# help! husbands not attracted anymore?



## Jean66 (Apr 2, 2010)

hello, I am new here and am in desperate need of help! I am in my second marriage we have been married for about 10 years. now as with most marriages we have had or share of problems but no matter how bad we argued or fought the sex was always great, we have never went to bed mad enough that it interferred with our sex life its always been very interesting and extremely good. we are always trying new things. but something has happened over the last about month and a half, for some reason it has died! I mean completely! if we do have anything to do with each other its very quick absolutely no foreplay no kissing and he always has to be behind me. I have tried everything to liven it up and nothing seems to work, Im afraid he cant stand to touch me anymore, now we are getting along great in every other aspect of our marriage he tells me he loves me, he comes straight home from work nothing out of the ordinary, I know there is no way hes cheating, but I have put on 20 pounds this winter maybe thats part of it? but last night was all I could take and I asked him what was the problem and I think I just made things worse he got angry and now I dont know what to do any help would be greatly apreciated please!


----------



## HappyHer (Nov 12, 2009)

Wait until he calms down and then try again. Make sure this time you use "I" statements and don't accuse him or blame him. Say something like "I'm afraid I'm not attractive to you anymore because I've put on weight. Would you please help me work this out so we are able to get back to the great sex that I loved so much." Do it during a quiet time that is somewhere outside the bedroom and not just after you've had sex.


----------



## MEM2020 (Aug 23, 2009)

I am not taking sides here. I am just asking a question. If he tells you your weight IS a problem how will you respond?

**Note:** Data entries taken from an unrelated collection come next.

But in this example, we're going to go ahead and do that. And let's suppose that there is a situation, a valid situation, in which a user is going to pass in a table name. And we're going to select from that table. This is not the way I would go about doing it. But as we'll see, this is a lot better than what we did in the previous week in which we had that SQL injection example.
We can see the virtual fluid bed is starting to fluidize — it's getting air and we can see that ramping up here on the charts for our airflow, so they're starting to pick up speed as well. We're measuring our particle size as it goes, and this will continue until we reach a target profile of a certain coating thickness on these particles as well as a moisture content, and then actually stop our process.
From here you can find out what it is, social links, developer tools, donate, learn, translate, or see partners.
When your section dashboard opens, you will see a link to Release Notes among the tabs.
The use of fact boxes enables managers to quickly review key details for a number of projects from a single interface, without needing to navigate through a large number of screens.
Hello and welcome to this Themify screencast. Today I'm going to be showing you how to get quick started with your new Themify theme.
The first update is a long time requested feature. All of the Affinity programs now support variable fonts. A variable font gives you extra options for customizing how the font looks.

My experience there are two kinds of women - those who understand some guys are really bothered by weight and those who don't and get angry and blame the guy. 






Jean66 said:


> hello, I am new here and am in desperate need of help! I am in my second marriage we have been married for about 10 years. now as with most marriages we have had or share of problems but no matter how bad we argued or fought the sex was always great, we have never went to bed mad enough that it interferred with our sex life its always been very interesting and extremely good. we are always trying new things. but something has happened over the last about month and a half, for some reason it has died! I mean completely! if we do have anything to do with each other its very quick absolutely no foreplay no kissing and he always has to be behind me. I have tried everything to liven it up and nothing seems to work, Im afraid he cant stand to touch me anymore, now we are getting along great in every other aspect of our marriage he tells me he loves me, he comes straight home from work nothing out of the ordinary, I know there is no way hes cheating, but I have put on 20 pounds this winter maybe thats part of it? but last night was all I could take and I asked him what was the problem and I think I just made things worse he got angry and now I dont know what to do any help would be greatly apreciated please!


----------



## SimplyAmorous (Nov 25, 2009)

Do* you *think it is the weight? Is he the quiet type that hesitates to speak what is REALLY on his mind, or say something that might hurt you ? 

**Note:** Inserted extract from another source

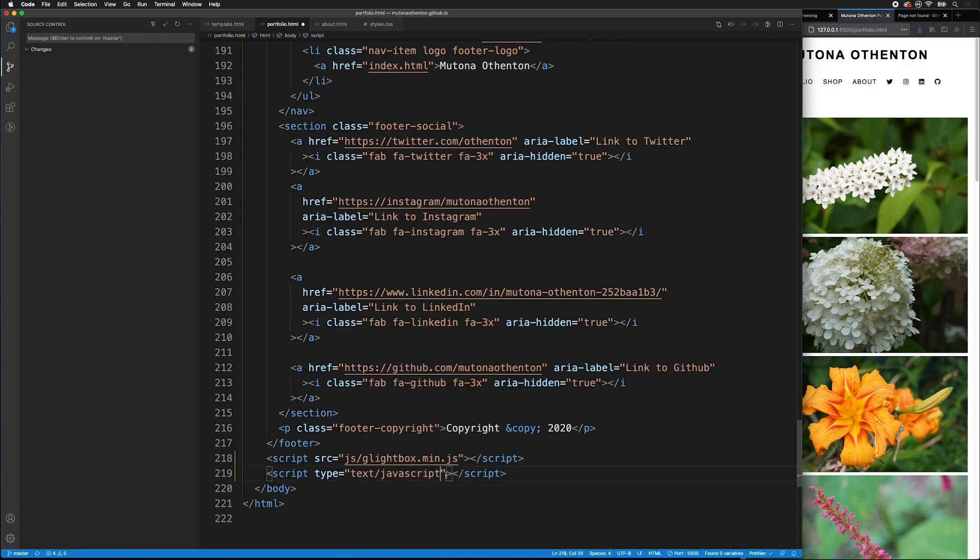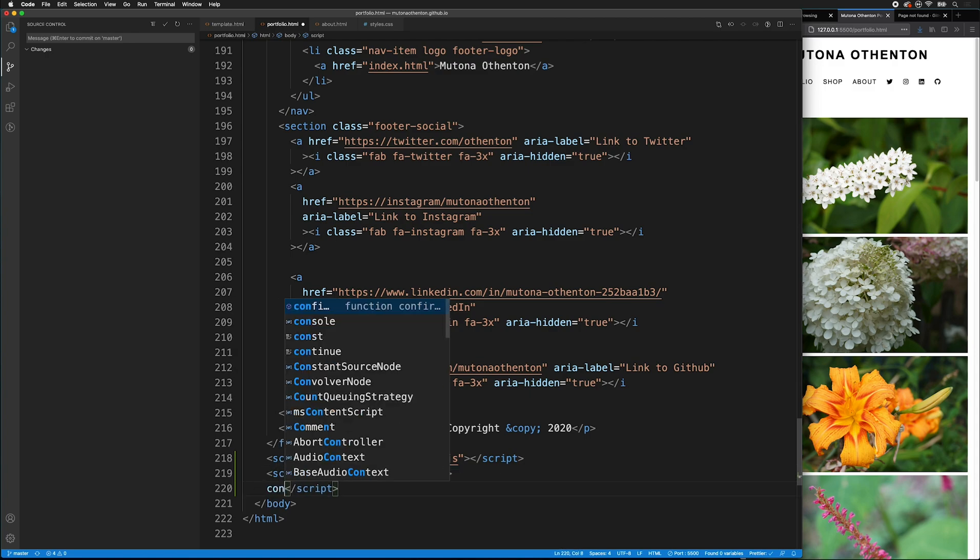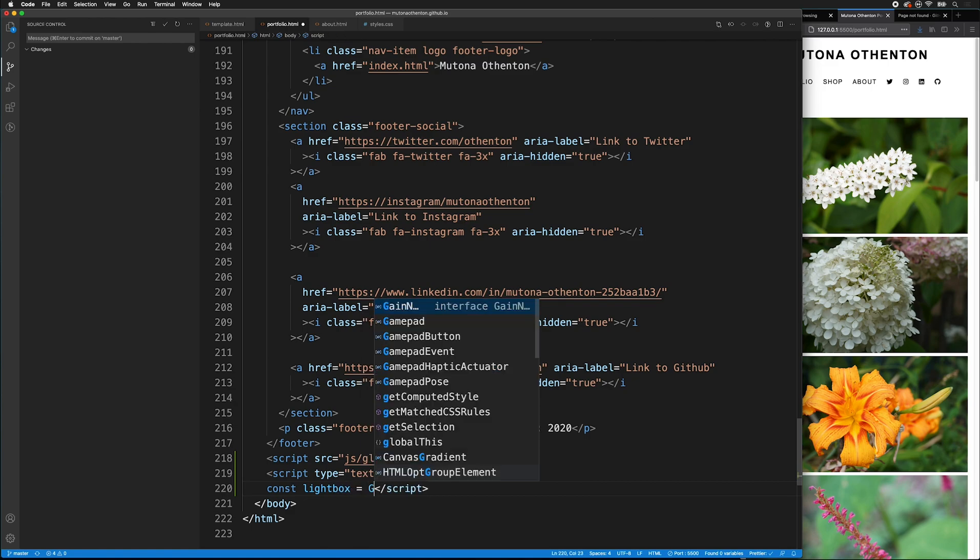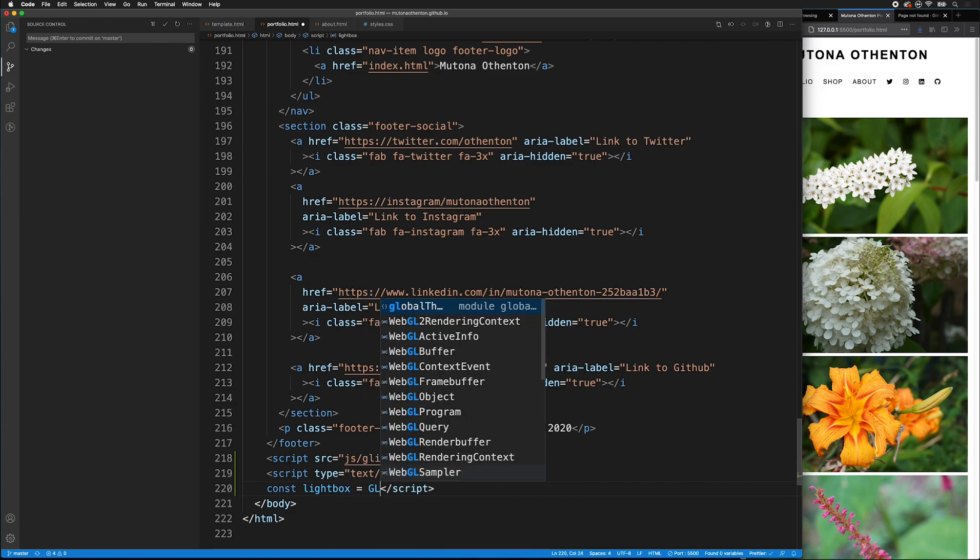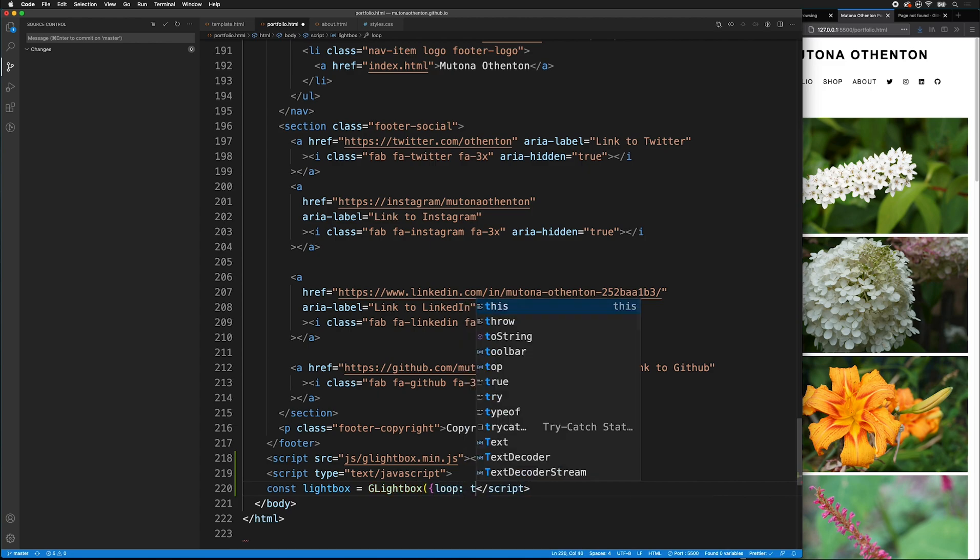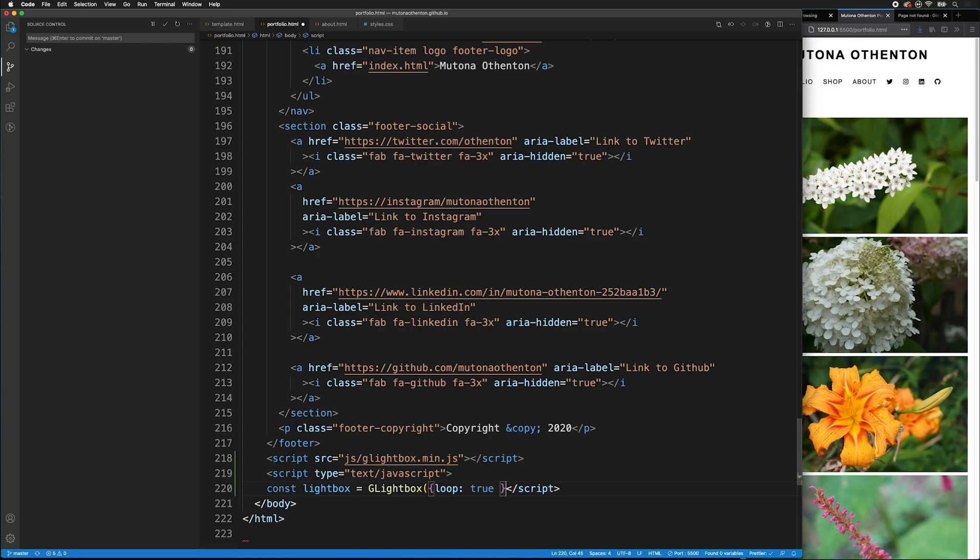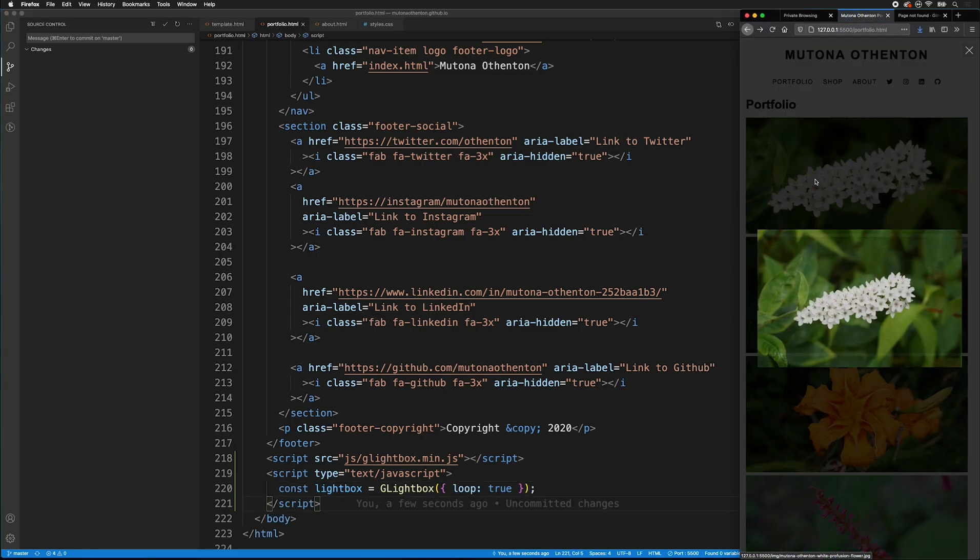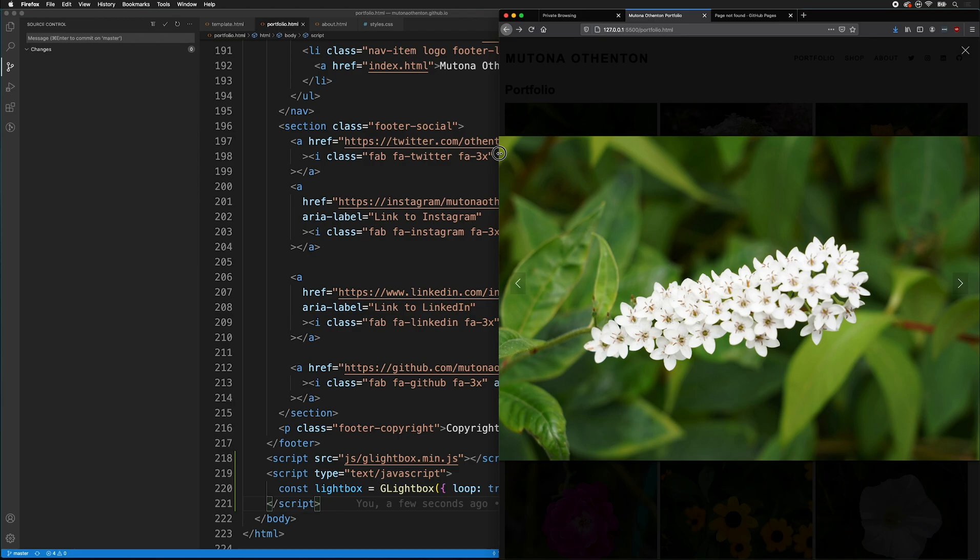And then inside the script tags, we can actually type our script. So, we're going to make a constant variable, const lightbox equals gl, make sure those are capitalized, lightbox, then parentheses, then curly braces. And then we're going to just say loop, true, and then put a semicolon. And if we save that, now our lightbox will work.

I have asked my husband a million questions over the years, just the way I am, seeking out how he feels about just any darn thing, even things that have never happened, what he would do in that situation , etc. When I asked this one, he pretty much told me >>> if I gained too much weight, he would still love me, but he would NOT desire me. Some men are just like this. (Women too- I am one of them) And he probably wouldnt come out and tell me either, cause that is the way HE is. (although I am different than him!) 

These things can definetly, for some, affect desire and passion. 

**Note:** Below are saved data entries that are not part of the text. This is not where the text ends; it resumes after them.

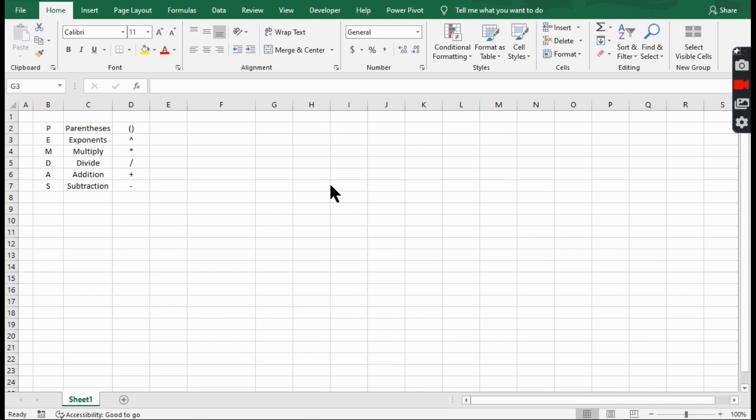Do you remember the order of operations when it comes to math? What's going on, Excel Fanatics? Verdex is here. This video is back to basics as I review PEMDAS. Do you remember that back in school? Please excuse my dear Aunt Sally.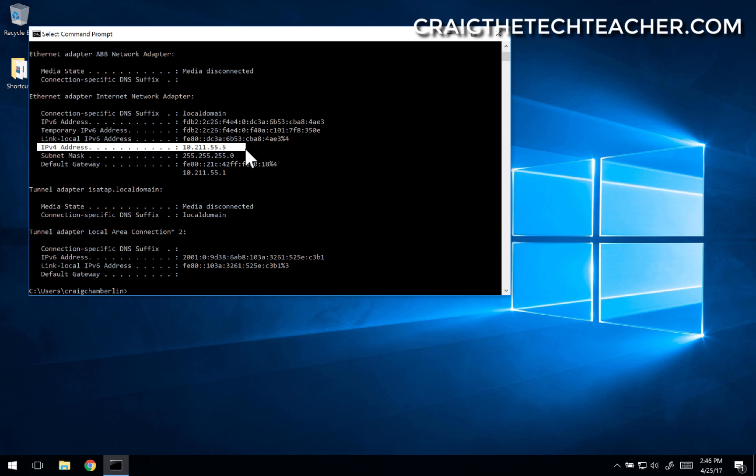Typically it will try to always assign the same IP address unless you've specified that you want a different one. So that's pretty much all there is to it.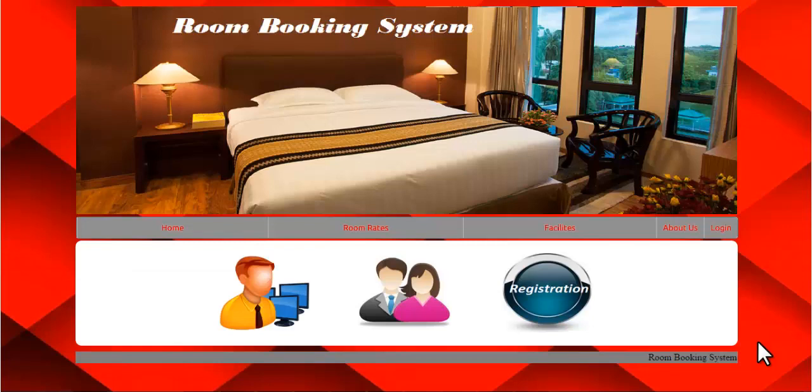Welcome to the demonstration of the room booking system. This system allows users to book rooms online. The admin can view the bookings and get the status of rooms. Users can check the availability of rooms, so they don't have to travel to the hotel. Users can book rooms online via this system. This application is developed using ASP.NET as front-end and SQL Server as back-end.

20lbs is not all that much, if the thought of asking him will be excrutiating for you, or if you feel he will still avoid trying to hurt you this way (I understand this could hurt -feeling rejected), then just work on loosing some , it will make *you* feel better, and I bet all will be back to the fireworks you used to have. 

Start browsing some lingerie as you watch what you are eating/exercising. Always good to have something to look forward too, some rewards for our efforts.

If you have Comcast OnDemand , they have free exercise programs you can do every single day/week , always something new, we do this alot. 

Or maybe it is not this at all !! Maybe he is stressed at work or something completely different is occupying his attention, anything else going on in his life?


----------



## marriedguy (Nov 7, 2009)

Well I'm in the situation where I have a wife who is overweight..and to tell you the truth..it bothers me like crazy...I Love her, and am still attracted to her...but not always....especially when we're just at home her weight is a big problem for me...when we go out she dresses all nice and she look gorgeous..and I think she's hot..especially in tight jeans..
Anyways...20 pounds isn't that much...so if that's the problem..just do some cardio a few times a week and watch your diet...even if weight is not the issue, it's still a good idea to keep yourself in shape...
I guess you just need to talk to him again...in a nice way, ask him if it's the weight...and dont feel insulted if he says yes...because most men find excess body fat unattractive..it's the harsh reality.


----------



## RunnerGirl (Feb 20, 2010)

Ask him, using the I words as suggested...

and if you think it might be an issue, lose the weight! 20 lb is a lot of weight. I know for me, 20 lb puts me up from a size 4 to a size 12/14. That gives a very different body type that maybe your husband isn't attracted to. It's not easy, but it's very doable and eating right (no processed foods) and exercising most days has benefits far beyond looks.. you'll be healthier and happier to boot. Good luck!


----------



## del88 (Mar 24, 2010)

It's a shame your being treated that way just because of your weight, especially after 10 years. How about you both take this opportunity to get healthy and in shape together. It's a great way to do something together and maybe it will get you to the place you want to be as far as your relationship.


----------